Break Ke Baad
Ignorant enough to count Slumdog Millionaire and My Name is Khan among the greatest Bollywood movies I have ever seen, it would be fraudulent of me to review this with relation to its peers. All I can do is review Break Ke Baad as a movie, and as a movie is heavily flawed.
Starring Imran Khan and Deepika Padukone as squabbling childhood sweethearts Abhay Gulati and Aaliya Khan, Danish Aslam’s directorial début promises a quirky romantic comedy that takes tried and tested tropes and spins them on their head. Failing spectacularly, Break Ke Baad instead serves up a conventional love story but without the charm and sincerity that the genre needs to affect in any meaningful way.
When Aaliya Khan realises that there is more to life than love, accepting a scholarship to an Australian acting university without telling those closest to her, she hurts her devoted boyfriend of ten years by leaving India without him. Unable to accept the inevitable, Abhay Gulati chases her to Australia to prove his love and win her back once and for all.
For a romantic comedy to work the audience must care about the relationship at stake. Even when one of the parties must learn some lesson or drop some irritating characteristic, if you have invested in their relationship you will forgive whatever character flaw they must work to overcome. Describing their trial separation as a break – and refuting the meaning of the term – draws unflattering comparisons to the characters of Ross and Rachel on the television programme Friends. However, while the producers of that show took advantage of the audience’s collective investment by drawing the character’s final consummation out over entire seasons of TV, Aslam’s characters are just not relatable enough to provoke such involvement.

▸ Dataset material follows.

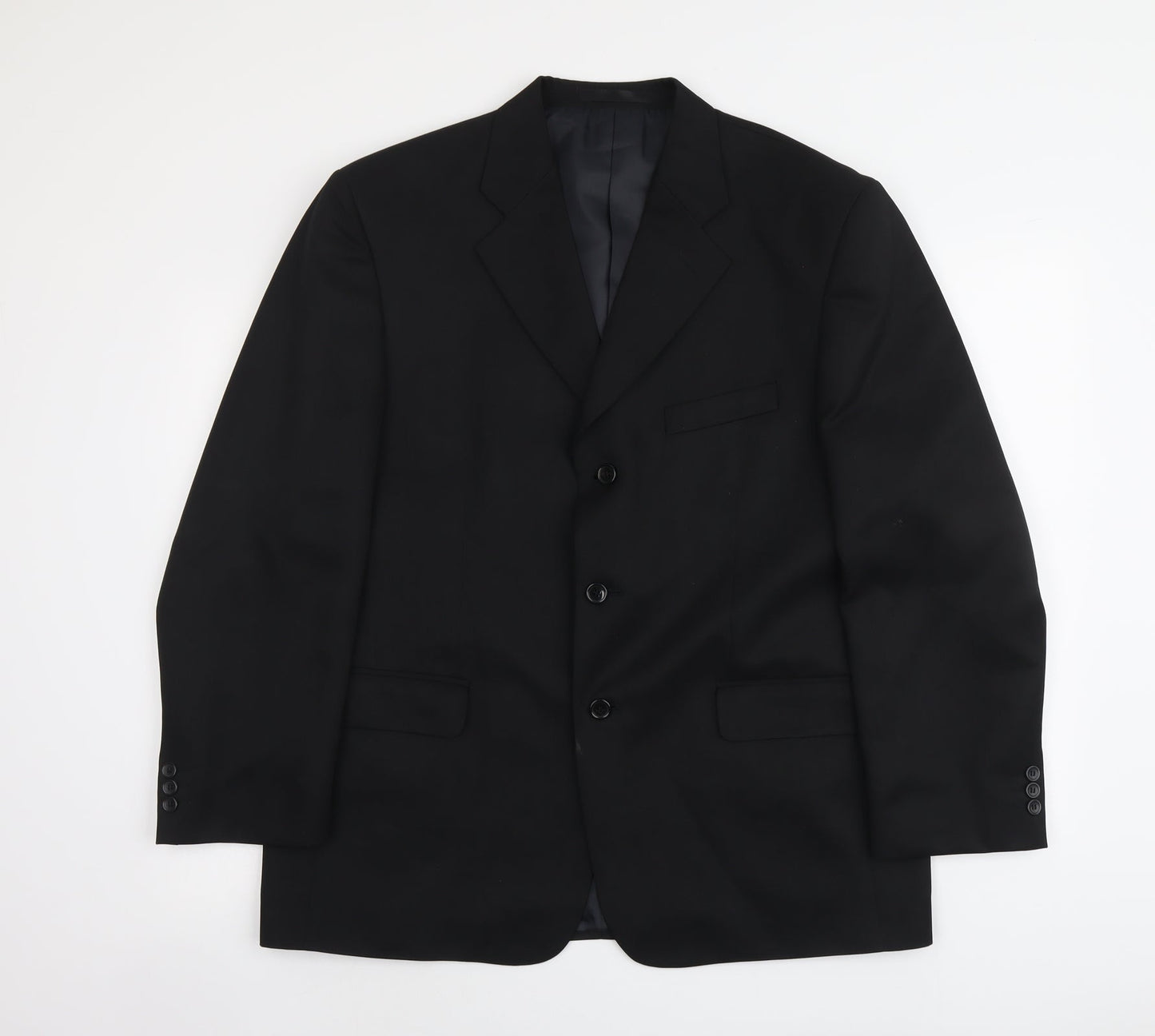 Mens UK Size L Zantos Regular Black Suit Jacket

Before they have even broken up it is clear that these two individuals do not belong together, making it impossible to relate to Gulati’s ongoing attempts to win his ex-girlfriend back.
More damaging is the misguided characterisation of Aaliya Khan. So self-centred is her character, that focusing the film on her efforts to thwart the advancements of her ex all but destroys the movie. Impulsive, independent and self-aware, the character is a clear attempt at inverting the maudlin sensibilities of the genre. However, whereas quirky 500 Days of Summer‘s Summer refused to commit to Tom for a number of organic and believable reasons, Khan’s reasoning appears petulant at best. Invoking unwanted flashbacks to Carrie Bradshaw’s aversion to having a television in the bedroom “just because”, you will spend the entire movie waiting for her to have some epiphany regarding her insufferable ways and learn to appreciate those that, against all odds, love her for who she is. Instead, if there is a lesson to be learnt in Break Ke Baad, it is taught to the wrong person.
Vapid, misconceived and thoroughly uninvolving, Break Ke Baad has less emotional resonance than an episode of Prescription: Passion or any other show-within-a-show. Too self-aware to be poignant, the film bombards its audience with more character quirks than actual characters, leaving only Gulati to make an impression as the dutiful boyfriend who, prior to the unnecessary interval at least, has a shot of surviving this rawkus with some dignity intact.